In order for a relationship to be monogamous, both partners need to remain faithful. If you don’t fully trust your partner not to cheat, it’s best to continue to use condoms.
But if both of you are only intimate with each other and neither of you already had an STD from a previous relationship, then no, you cannot catch an STD.
But there are a few exceptions…
So, as long as you both test negative and don’t cheat, you should be good, right? In most cases, yes. But there are some STDs that can be transmitted without sex.
Sure, they are called sexually transmitted diseases because they are infections that can be passed between sexual partners, but some STDs can also be transmitted by other types of contact with infected bodily fluids.
HIV can be transmitted by sharing dirty needles, childbirth (mother to child), and other forms of contact with infected blood, such as in the healthcare industry.
Hepatitis can also be caught by contact with infected bodily fluids, especially when sharing needles.
Hopefully, you’re not dating a drug addict, but girls have been known to fall for bad boys. And if your man was born with HIV, it would’ve shown up when he was tested.

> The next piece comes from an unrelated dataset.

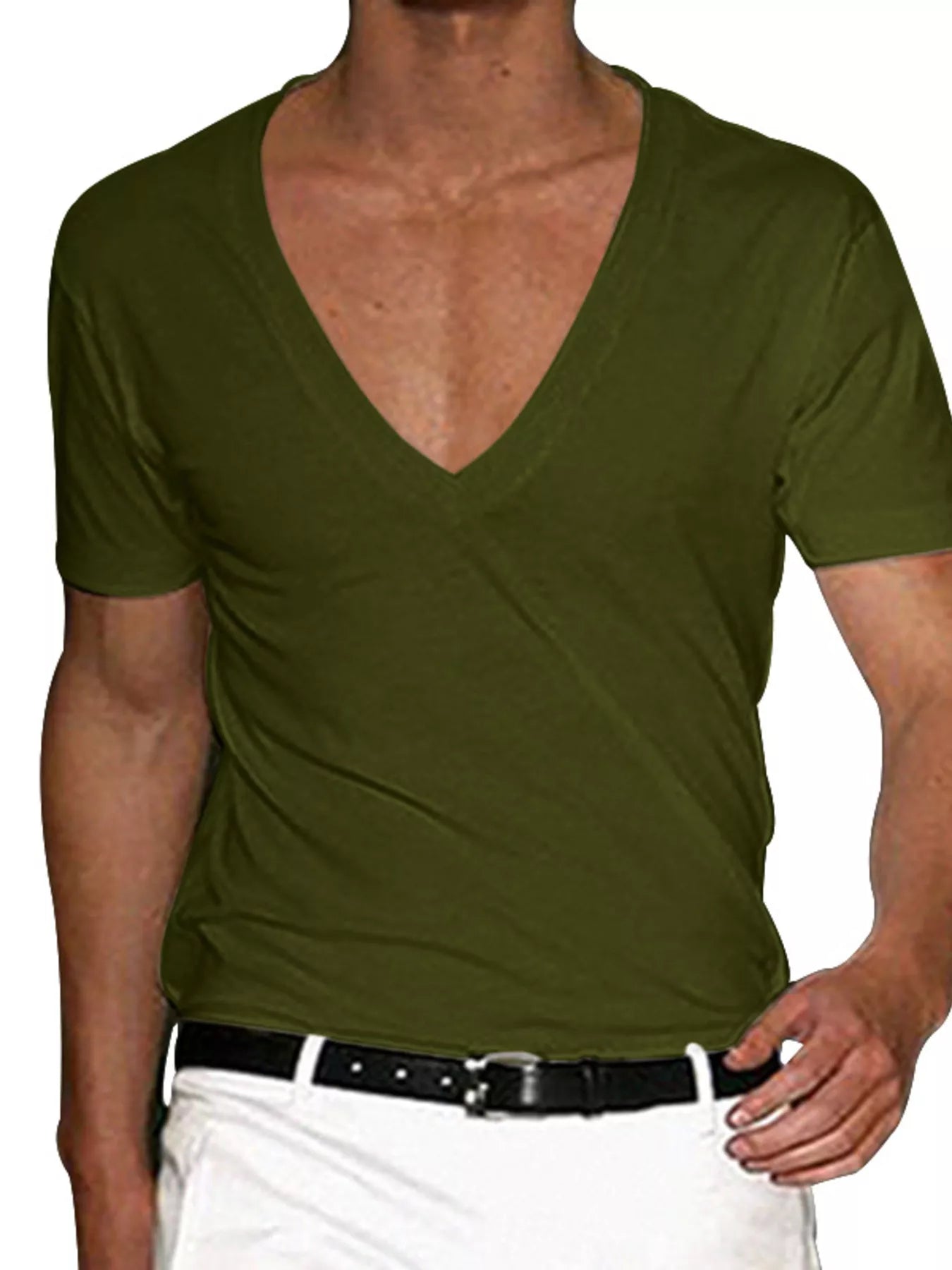 Men's Full Size Deep V-Neck T-Shirt Plus Size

While viruses can technically be spread in the healthcare industry, this is very rare, as precautions are almost always taken, and healthcare professionals are offered post- exposure prophylaxis.
But there are a few things that you should be aware of…

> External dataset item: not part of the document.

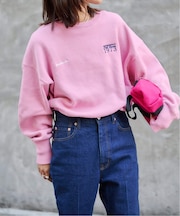 追加2 ロゴ刺繍スウェットライククルーネックニットプルオーバー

You can’t catch HIV from toilet seats, saliva, or eating food cooked by a person with HIV, but it can be transmitted in ways other than sex.
For instance, you can catch HIV from contact with a bleeding cut or open mouth sore, but this is very rare.

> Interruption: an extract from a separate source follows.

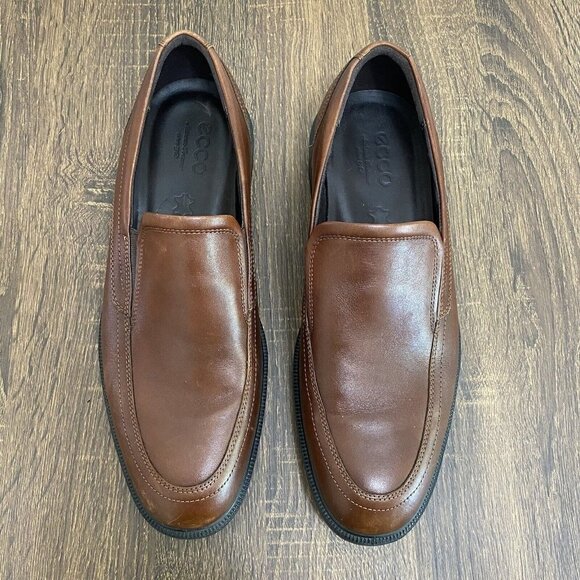 ECCO Helsinki Apron Toe Brown Leather Slip On Loafer Dress Shoes main image 13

Mainly, HIV is transmitted through vaginal, anal, and (occasionally) oral sex, but it can also be transmitted through sharing needles, childbirth, and blood transfusions.
Fortunately, you can prevent HIV by taking pre-exposure prophylaxis if you are at high risk or in a mixed-status relationship.
Hepatitis is commonly known as an STD, but there are actually three different types of hepatitis.
Hepatitis B is the one that is most often contracted through sex, whereas hepatitis C is transmitted through any contact with blood, usually from sharing needles. Hepatitis A is food borne.
If your partner suddenly tests positive for a certain type of hepatitis, it doesn’t necessarily mean that they cheated. But you are still at risk.
Although you can’t catch herpes from objects like spoons or toilet seats, oral herpes can be spread without sexual contact.
Mothers can even give their children herpes by kissing them, so this STD can very well be spread by steamy make-out sessions with random people.
However, genital herpes is only transmitted through sexual contact or childbirth. So, if your partner claims they caught genital herpes from a toilet seat, they’re lying.
It should also be noted that not all vaginal infections are sexually transmitted.
You are probably already all too familiar with yeast infections and aware that women can get them even if they abstain from sex.
But you can also develop bacterial vaginosis without sexual contact.
If you’ve never heard of this nasty infection, it’s easy to assume that it’s an STD from the name alone, but it’s not.
This is one of the main reasons why you and your partner should both be tested for STDs before engaging in unprotected sex – not all STDs are symptomatic.
Herpes can lie dormant for a long time with no sign of an outbreak. Many people who have chlamydia, gonorrhea, and trichomoniasis don’t exhibit any symptoms.
Most strains of HPV don’t cause any symptoms except for the genital warts strain. But HPV has been linked to cervical cancer in women.
Often, people walk around with STDs and don’t even know it.
If you take nothing else from this article, hopefully you’ve realized how important it is to know your status – even if you are only with one partner.